President Hichilema has told the BBC that he has inherited what he described as an empty treasury and that people are still trying to make last-minute movements of funds, which are unauthorised.
He added that the debt situation had not been fully disclosed by the PF government.
President Hichilema said the hole is much bigger than was expected and his administration has a huge task of correcting the situation.
“People are still trying to make last-minute movements of funds, which are unauthorised, which are not theirs,” President Hichilema said.
In the BBC interview, the new president described the treasury as “literally empty”.
He added that the “hole is much bigger than we expected” and the debt situation had not been “fully disclosed” by the former government.

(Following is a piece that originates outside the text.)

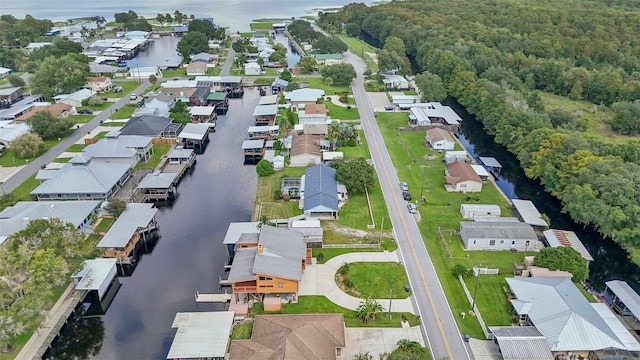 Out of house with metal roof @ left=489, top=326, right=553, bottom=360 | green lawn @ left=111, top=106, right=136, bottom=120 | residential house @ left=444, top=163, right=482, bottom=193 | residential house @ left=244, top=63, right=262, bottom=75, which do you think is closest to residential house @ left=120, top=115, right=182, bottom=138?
green lawn @ left=111, top=106, right=136, bottom=120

“There’s a lot of damage, unfortunately,” Mr Hichilema said.
He added that his government would show “zero tolerance” towards corruption, and would get to the bottom of what he called the illicit movement of funds very soon.
“I don’t want to pre-empt things but what we are picking [up] is horrifying,” the president said.
“You’ll feel nobody can do a thing like that but it’s being done. People have done it. They are still trying to do things now.”
Mr Hichilema also said there were “a lot of people who are not working, but are on the payroll” of the government.
Mr Hichilema said the government was committed to restoring its credibility among lenders.
The government would enter into talks with China, which he was confident would “understand that we’ve inherited a very difficult situation”, the president said.
“We had known for a long time that there was non-full disclosure. So now that we’re in, we are beginning to see that the debt numbers that were being talked about officially are not really the comprehensive numbers.”
“You have deals that were structured outside the normal channels; we’re talking about debt that was accrued, acquired without parliament approval,” Mr. Hichilema said.
“One of our jobs right now is to dig into, trying to zero in on what the true debt is, both foreign and domestic debt. We are working through it and we’ll get to the bottom of it soon.”